Era il 2018 quando, nel nome della cripto-Jihad, un soldato del Daesh uccideva due turisti in Sudafrica con l’obiettivo di rubargli la carta di credito, poi utilizzata per acquistare dei Bitcoin, impiegati, a loro volta, per comprare armi e per permettere a dei commilitoni di spostarsi tra Siria e Iraq. Da allora, nonostante l’aumento dei controlli dei servizi segreti nel criptoverso, nulla è cambiato: le criptovalute continuano a essere l’improbabile alleato dei terroristi.
Le criptovalute vivono all’interno di un sistema completamente anonimo e decentralizzato – proprio come le varie sigle dell’Internazionale del terrorismo islamista – e il loro utilizzo per scopi terroristici non mostra segni di rallentamento.

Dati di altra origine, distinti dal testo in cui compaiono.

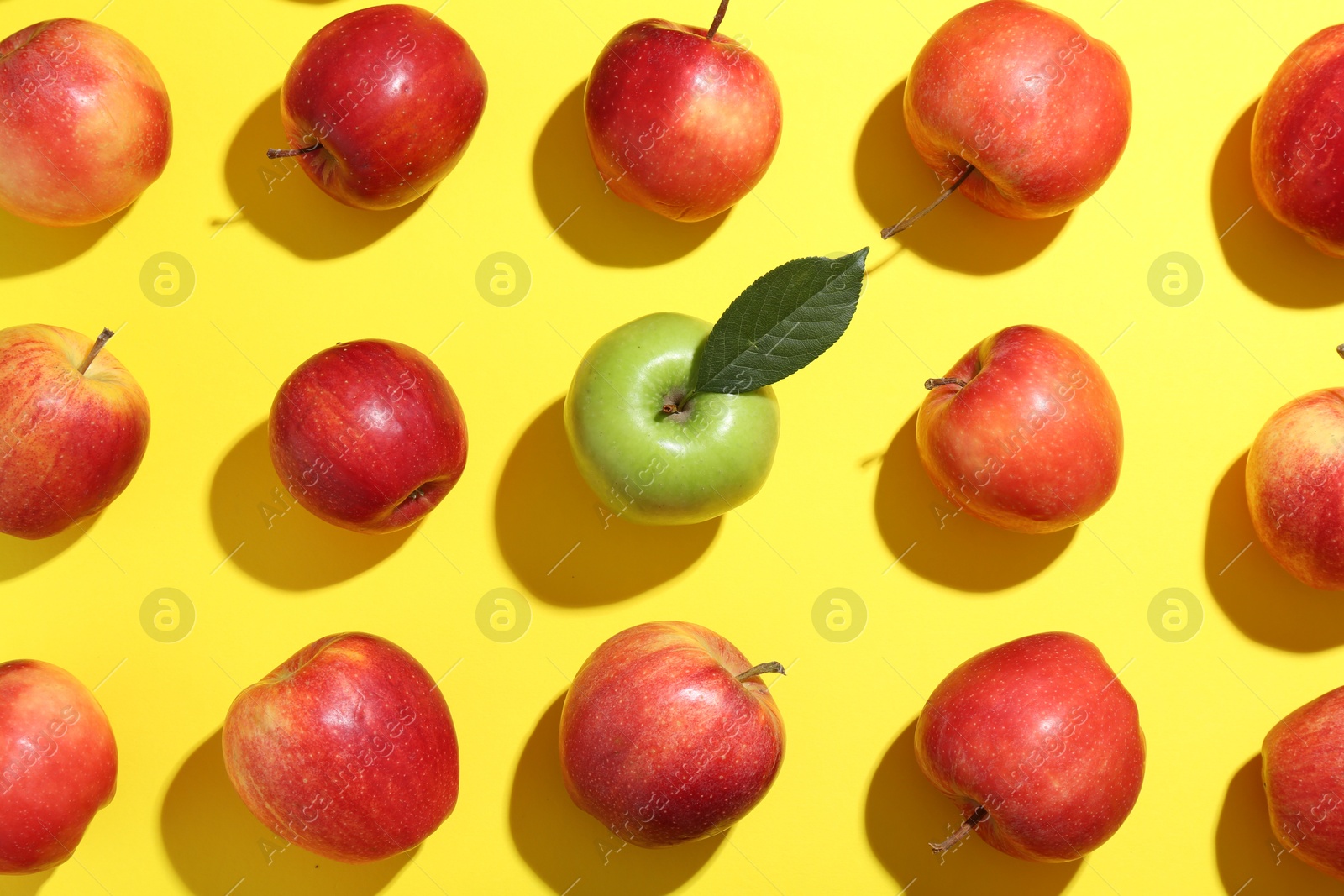 Photo of Flat lay composition with green apple surrounded by red ones on yellow background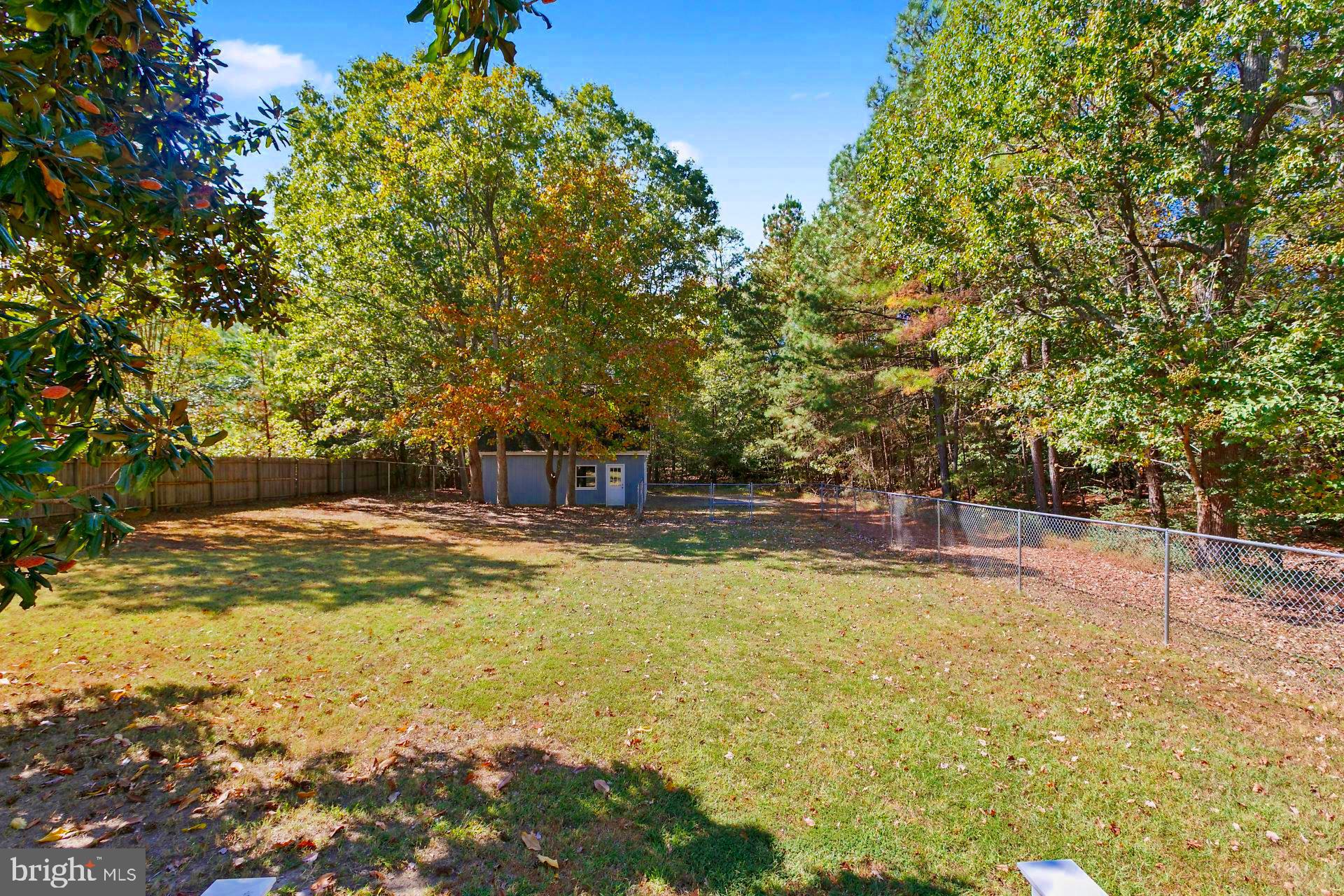 18515 Three Notch Road Lexington Park, MD 20653 - Photo 18 of 34 Large, Level Fenced In Lot Leads to Garage Space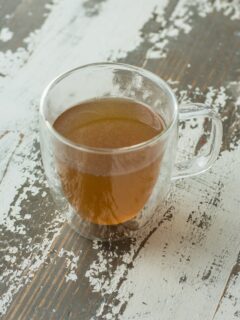 chicken bone broth in a glass mug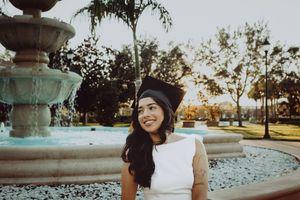 Graduate poses by outdoor fountain during golden hour.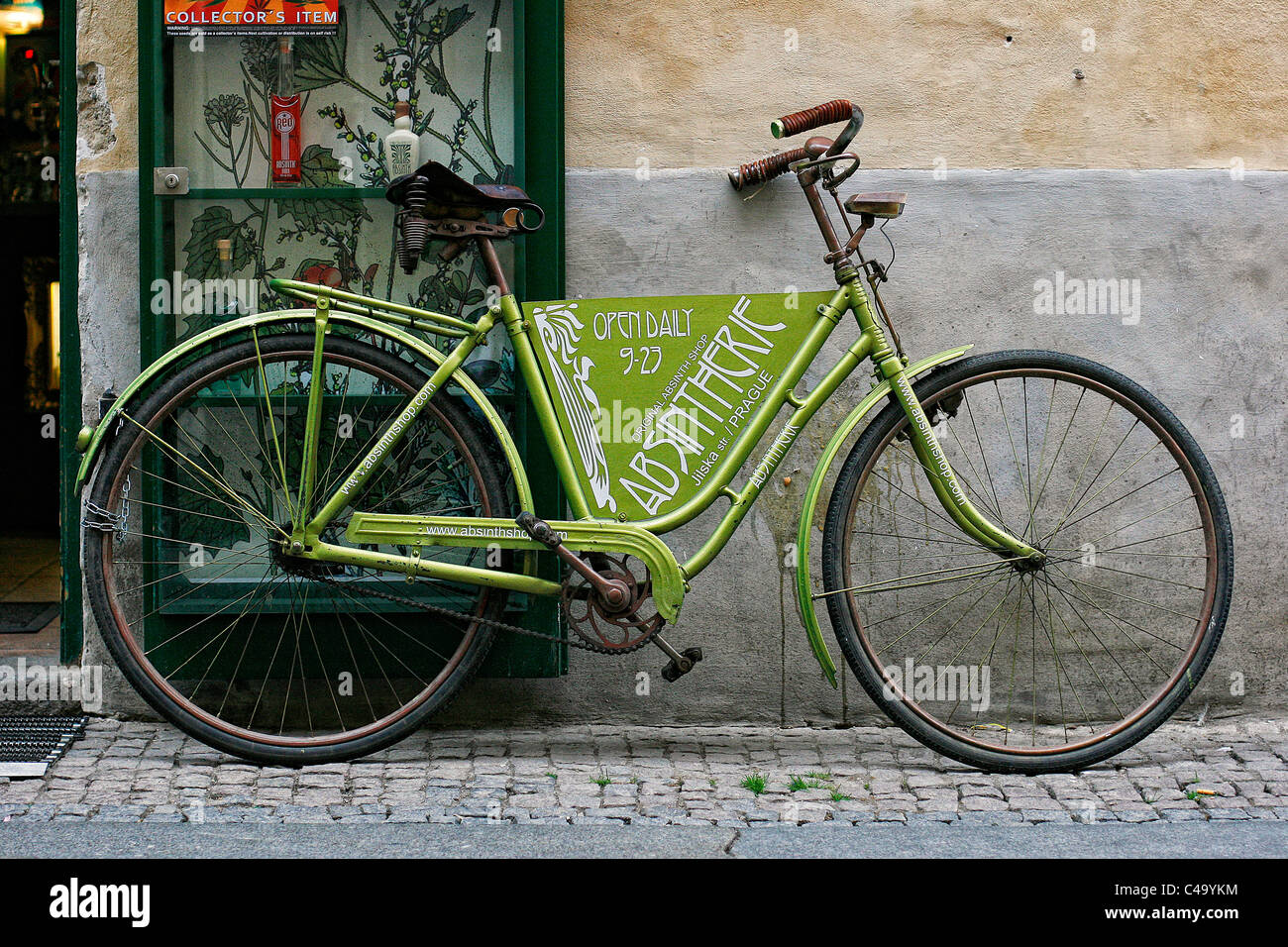 Un verde vecchia bicicletta come un segno pubblicità appoggiata contro una  vetrina vicino all'entrata di un negozio di assenzio a Praga Foto stock -  Alamy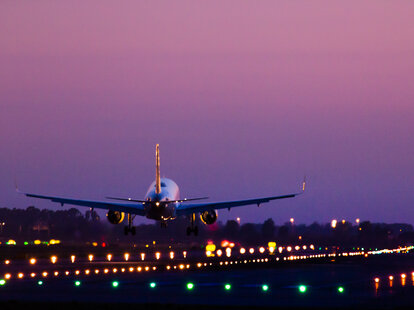 Airplane landing on the Barcelona airport at night with nice detail view of the illuminated track.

La decentralizzazione del terrorismo islamista internazionale fa sì che tale fenomeno diventi difficile da controllare a causa dell’anonimato su cui si fondano le transazioni in criptovalute, perché se è vero che le operazioni possono essere controllate da chiunque, in quanto di dominio pubblico, lo è altrettanto che chi opera resta anonimo e impossibile da identificare – la protezione degli utenti è il principio fondativo della tecnologia crittografica. Il rischio di un effetto matrioska.